Redação Carta Capital14 de março de 2011 às 16:50h
Manifestação apartidária permitiu adesão em massa com presença de partidos da esquerda à extrema direita. Em pauta, o descontentamento com a difícil situação trabalhista dos jovens no país
“Apartidário, laico, pacífico” foram as palavras de ordem entoadas pelos quatro jovens organizadores da manifestação do último sábado 12 em Portugal, quando cerca de 200 mil pessoas saíram às ruas de Lisboa para protestar contra a precariedade das condições de vida e de trabalho no país. A estimativa é dos organizadores: no Porto calcula-se que cerca de 80 mil pessoas também aderiram à manifestação e houve passeatas em ao menos outras dez cidades portuguesas.
O movimento começou após a criação, em 5 de fevereiro, de uma página no Facebook convocando a manifestação. Na sexta-feira 11, mais de 50 mil pessoas tinham confirmado presença pelo site. Um dos organizadores, Paula Gil, 26 anos, delineou os objetivos do movimento: “Desperdiçam-se as aspirações de toda uma geração. Desperdiçam-se recursos e competências. Somos a geração com maior nível de formação na história do país. Acreditamos que temos os recursos e ferramentas para dar um futuro melhor para o país”, segundo relato da BBC.
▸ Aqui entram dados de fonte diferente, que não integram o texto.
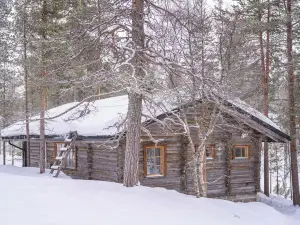 Kuukkeli Log Houses Aurora Cabin - Jaspis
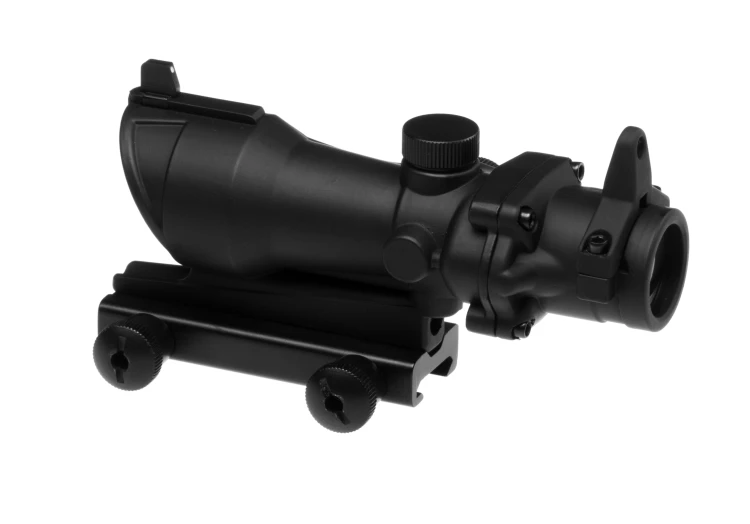 Luneta Aim-o 4x32 Combat Scope Black
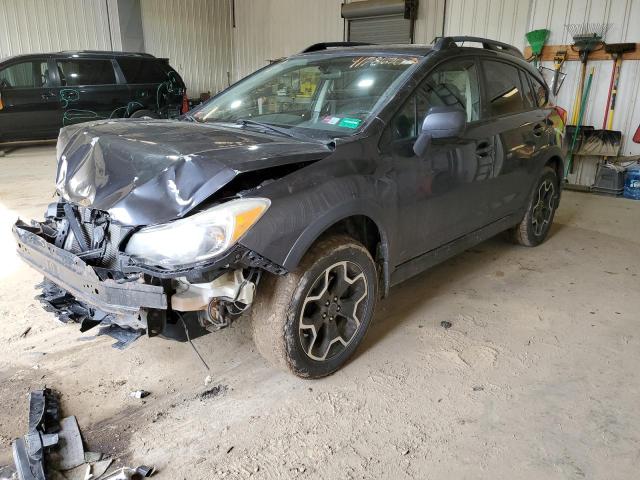 SUBARU XV CROSSTR 2013 with VIN JF2GPAGC7D2803111 - Photo from auction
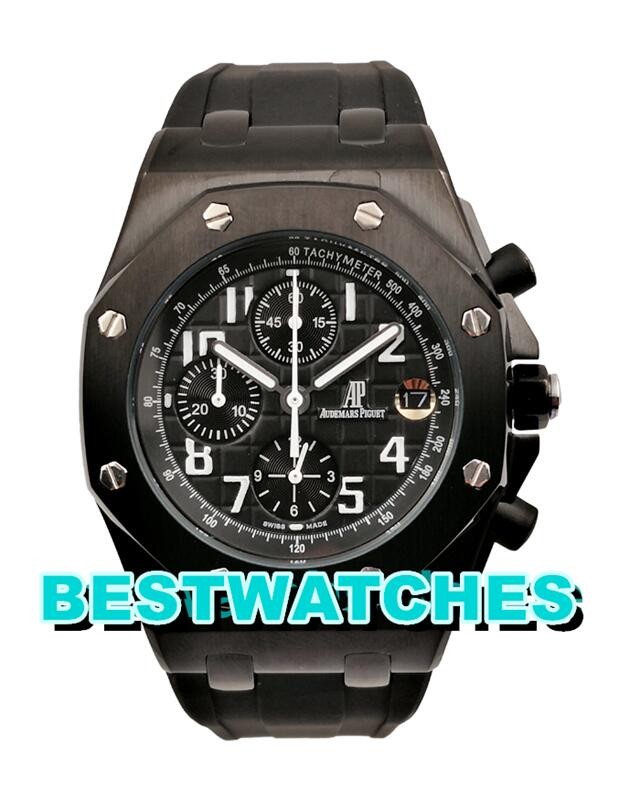 Audemars Piguet Replica Uhren Royal Oak Offshore 26170ST - 42 MM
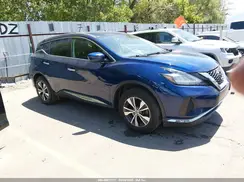 5N1AZ2AJ9LN122646 2020 NISSAN MURANO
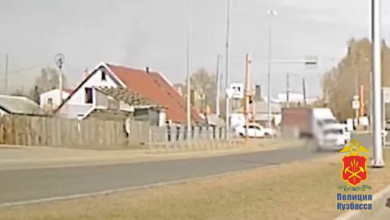 В Кемерове будут судить виновника ДТП, в результате которого пострадала девочка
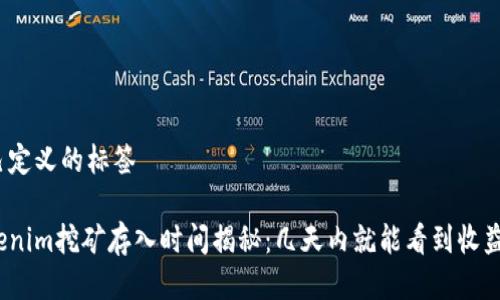 自己定义的标签

Tokenim挖矿存入时间揭秘：几天内就能看到收益吗？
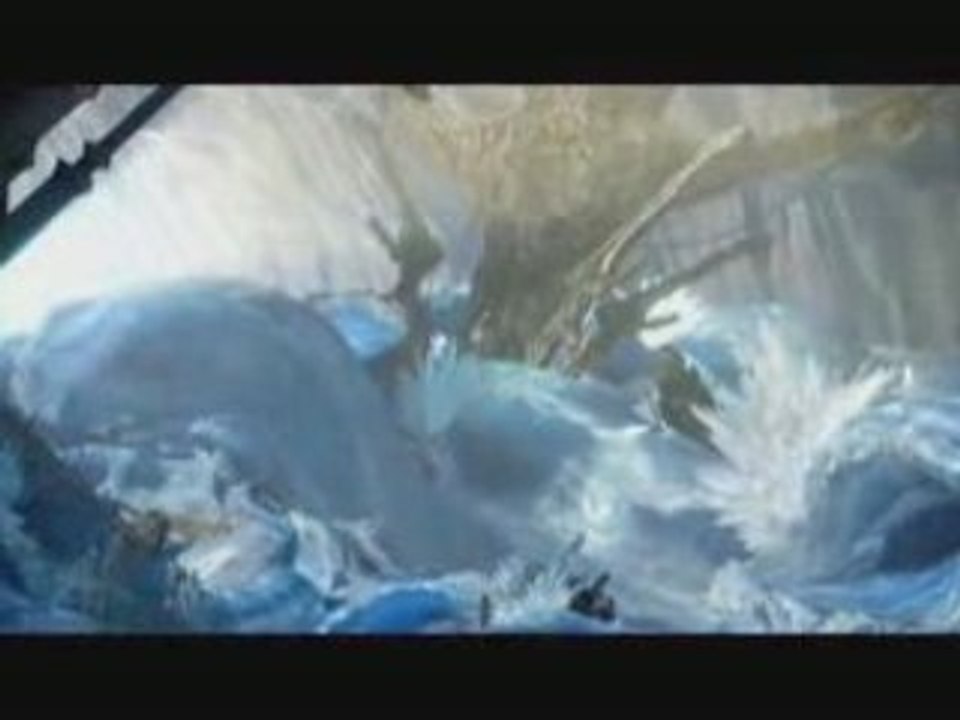 FINAL FANTASY XIII DKΣ3713 Trailer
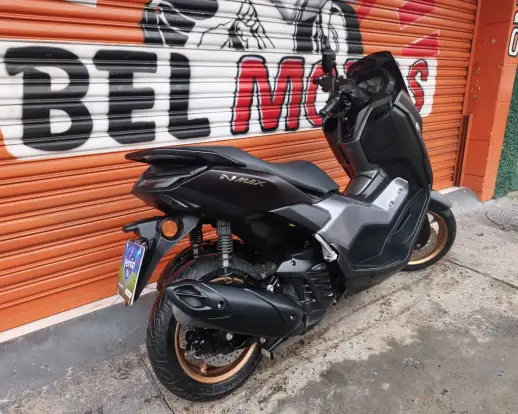 YAMAHA-NMAX CONNECTED 160 ABS YAMAHA-NMAX CONNECTED 160 ABS-2025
Gil fez referência à instabilidade e precariedade de emprego da população, principalmente dos jovens, denominados geração à rasca (geração desesperada). O jornal Financial Times destacou que o índice de desemprego entre pessoas graduadas com menos de 25 anos é de mais de 30%. “O único trabalho que conseguimos é para experiência, não remunerado, e o único futuro que nos oferecem é emigrar”, disse ao Financial Times Inês Gregório, 29, formada em história da arte e que trabalha em cafés desde que concluiu o curso, há seis anos.
A adesão em massa de manifestantes deixou claro o desencanto dos portugueses com a classe política, destacou o El País, lembrando que a abstenção nas eleições presidenciais de janeiro, que reelegeu Cavaco Silva, foi além dos 50%.
Um dia antes da manifestação, o governo anunciara novas medidas de austeridade para acenar aos mercados que Portugal conseguiria superar a crise financeira sem interferência externa, ao contrário do ocorrido na Grécia e Irlanda. Entre as medidas, a redução de compensação financeira que as empresas têm de pagar a funcionários demitidos, revisão de impostos, cortes de até 10% em pensões estatais, redução de gastos em saúde e de benefícios para desempregados. Além do mais, os manifestantes pediam o fim dos estágios não remunerados e vínculos trabalhistas precários, sem direito a férias remuneradas ou ao 13º salário.
O apartidarismo do movimento permitiu a participação massiva da população. Apesar disso, conforme informa a BBC, estiveram presentes grupos ligados a partidos políticos. Entre eles, os de esquerda, anarquistas e até mesmo de extrema direita, alguns com cabelos raspados, tatuagens de símbolos celtas e suásticas. O El País, por sua vez, destacou que, apesar de defenderem o apartidatismo da manifestação, os organizadores têm vínculos políticos. Três deles militam ou já militaram nas juventudes do Partido Socialista, do Comunista e do Bloco de Esquerda. Eles convidaram todos os deputados da Assembléia da República a participar do acontecimento.